* _SUPPLIED MATERIAL_:

#####

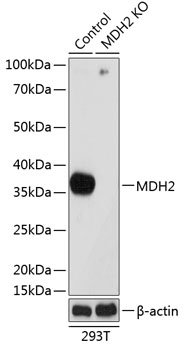 MDH2 Rabbit Polyclonal Antibody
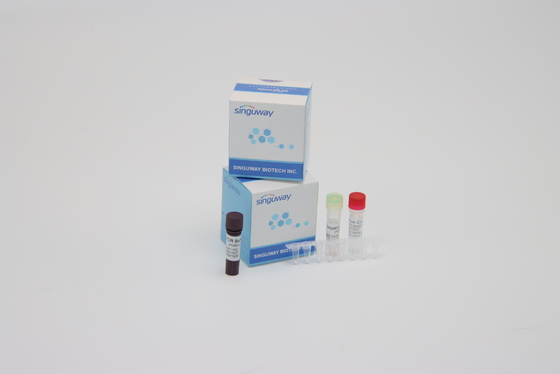 Multipleks Super Sensitif Real Time PCR Kit Reagen Deteksi Asam Nukleat Coronavirus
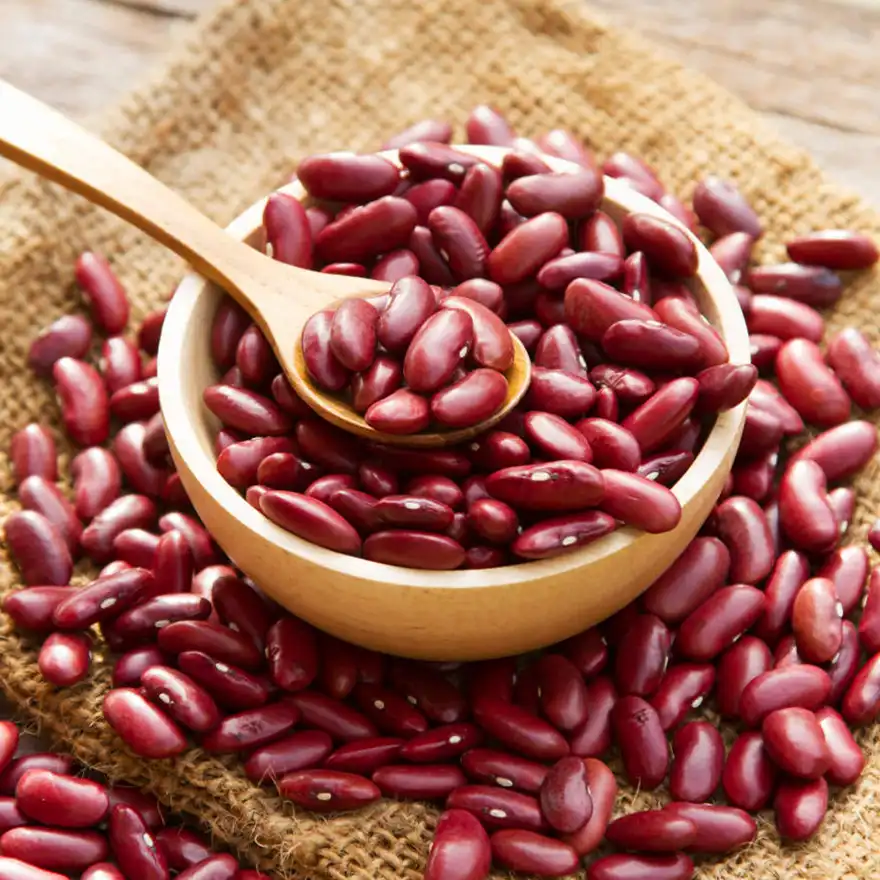 Tusker Berry Rajma (Red Kidney Beans) | Natural, High-Protein Dal for Hearty Meals - Tusker Berry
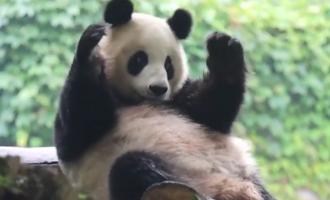 Un urs panda, viral pentru "dansul" său. Ce încerca să facă de fapt animăluțul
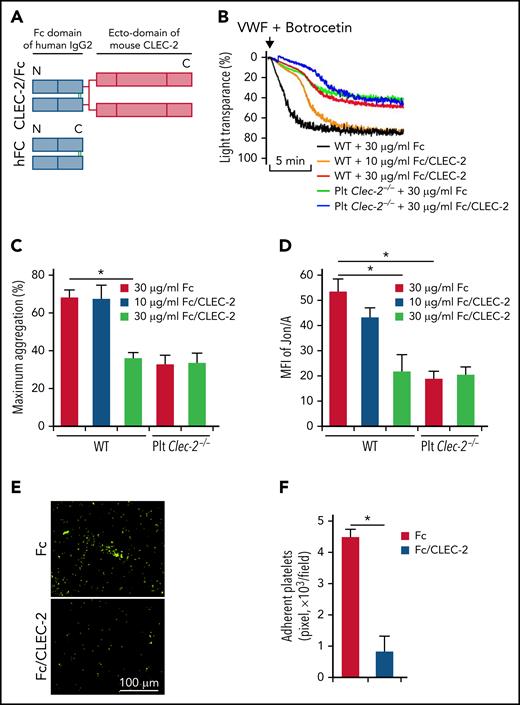 The extracellular domain of CLEC-2 is required for GPIbα-mediated platelet activation. (A) Schematic for the construction of a chimeric CLEC-2 that fused human IgG Fc with the CLEC-2 extracellular domain (CLEC-2/FC). hFC, human IgG Fc control; N, N-terminus; C, C-terminus. (B) Recombinant CLEC-2 inhibited VWF-induced platelet aggregation. Washed WT platelets were pretreated with Fc or CLEC-2/Fc at 37°C for 1 hour, and aggregation of platelets in response of human plasma VWF was measured. (C) Quantification of platelet aggregation shown in (B). (D) Activation of integrin αIIbβ3 on CLEC-2/Fc-treated platelets. Washed WT platelets were pretreated with Fc or CLEC-2/Fc at room temperature for 1 hour and then treated with VWF in the presence of botrocetin for 5 minutes at 37°C. Then, integrin αIIbβ3 activation was measured with antibody Jon/A by flow cytometry. (E) Recombinant CLEC-2 inhibited platelet aggregation on immobilized VWF under flow. WT platelets were preincubated with Fc or CLEC-2/Fc (30 μg/mL) for 1 hour at 37°C and were then perfused over plates coated with VWF from human plasma (100 μg/mL) at 10 dyne/cm2 for 10 minutes. Adherent platelets were fixed with 2% PFA and stained with anti-mouse CD41, followed by Alexa 488-conjugated secondary antibodies. Representative images were presented. (F) Quantification of aggregated platelets shown in (E). The data are representative of 3 independent experiments and represent mean ± SD. *P < .05.
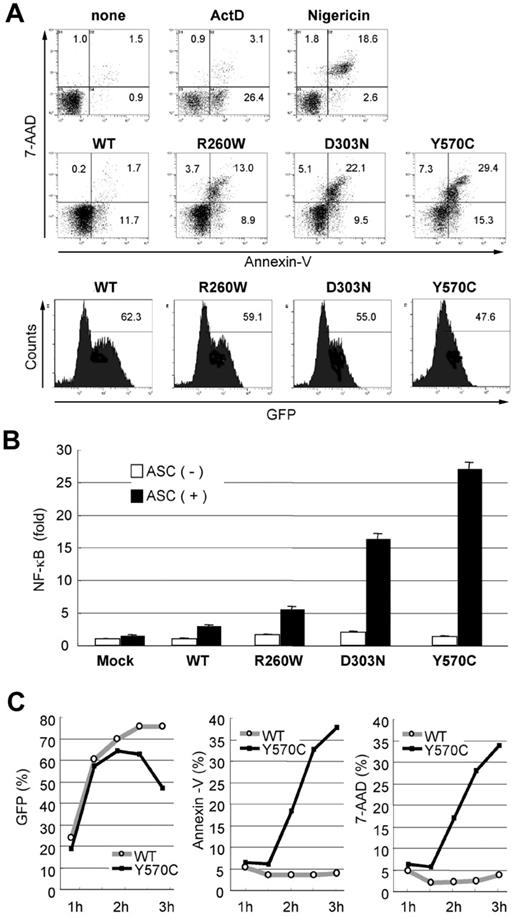 Figure 1. Autoinflammatory disease-associated mutations in CIAS1 induce rapid cell death. (A) As the controls for cell death, 1 × 106 THP-1 cells were treated with 1 μg/mL actinomycin D (ActD) and 20 μM nigericin. 0.5 μg of plasmid encoding GFP-CIAS1 or the disease-associated mutants (R260W, D303N, Y570C) were introduced into 1 × 106 THP-1 cells. After transfection (3 hours), cells were analyzed by flow cytometry, and the expression of CIAS1 was monitored by measuring GFP fluorescence. Cell death was assessed as positive annexin V staining (apoptosis) or double positive for annexin V and 7-AAD (necrosis). The number in each quadrant shows the percentage of cells. (B) HEK293 cells were cotransfected with 20 ng of WT-CIAS1 or the indicated mutants in the presence or absence of 20 ng of ASC. The ability to induce NF-κB activation was assessed by a dual luciferase reporter assay in HEK293 cells. Disease-associated mutants induced ASC-dependent NF-κB activation spontaneously. Values represent the mean of normalized data (mock without ASC = 1) of triplicate cultures, and error bars indicate SD. (C) Expression of GFP-CIAS1 and annexin V and 7-AAD staining were monitored by flow cytometry. Expression of GFP was observed at 1 hour and 30 minutes after transfection, at which point annexin V/7-AAD–positive cells started to appear in the Y570C-transfected cell population. The percentage of Y570C-transfected cells that were annexin V/7-AAD positive increased in a time-dependent manner. Representative data from 3 independent analyses of similar results are shown.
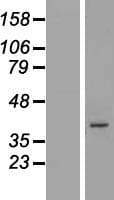 ARMCX5 Protein (Over-Expression Lysate Myc-DDK (Flag))
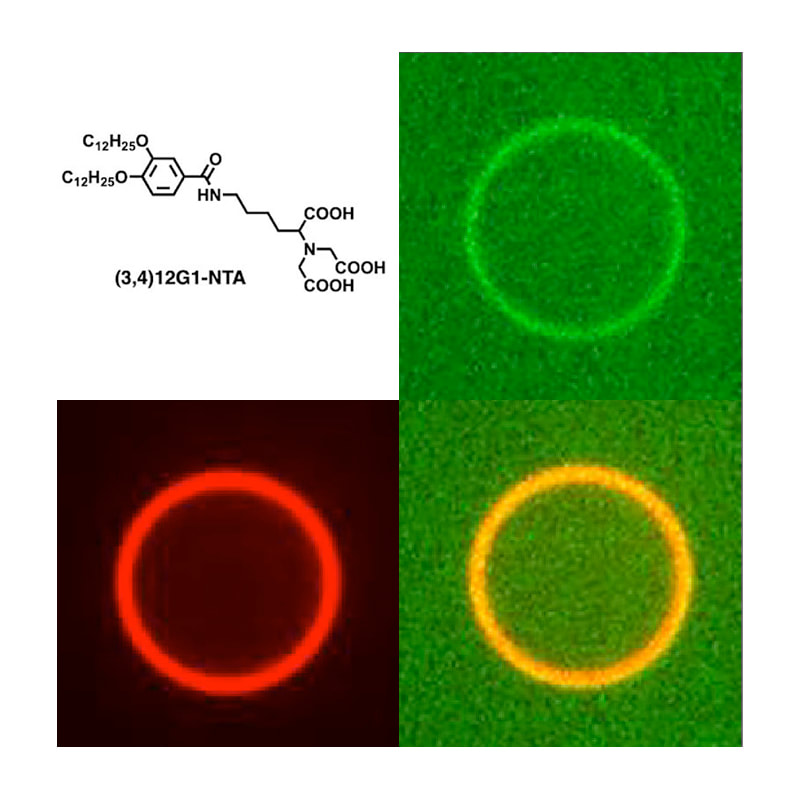 Co-assembly of liposomes, Dendrimersomes, and Polymersomes with amphiphilic Janus dendrimers conjugated to Mono- and Tris-Nitrilotriacetic Acid (NTA, TrisNTA) enhances protein recruitment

#####

* _EXERCISE DIRECTIONS_: Your task is to reproduce the entries above word for word, from the first line through the line with "Un urs panda, viral", and please leave out any pictures.

* _RESULT_:
 MDH2 Rabbit Polyclonal Antibody
 Multipleks Super Sensitif Real Time PCR Kit Reagen Deteksi Asam Nukleat Coronavirus
 Tusker Berry Rajma (Red Kidney Beans) | Natural, High-Protein Dal for Hearty Meals - Tusker Berry
 Un urs panda, viral pentru "dansul" său. Ce încerca să facă de fapt animăluțul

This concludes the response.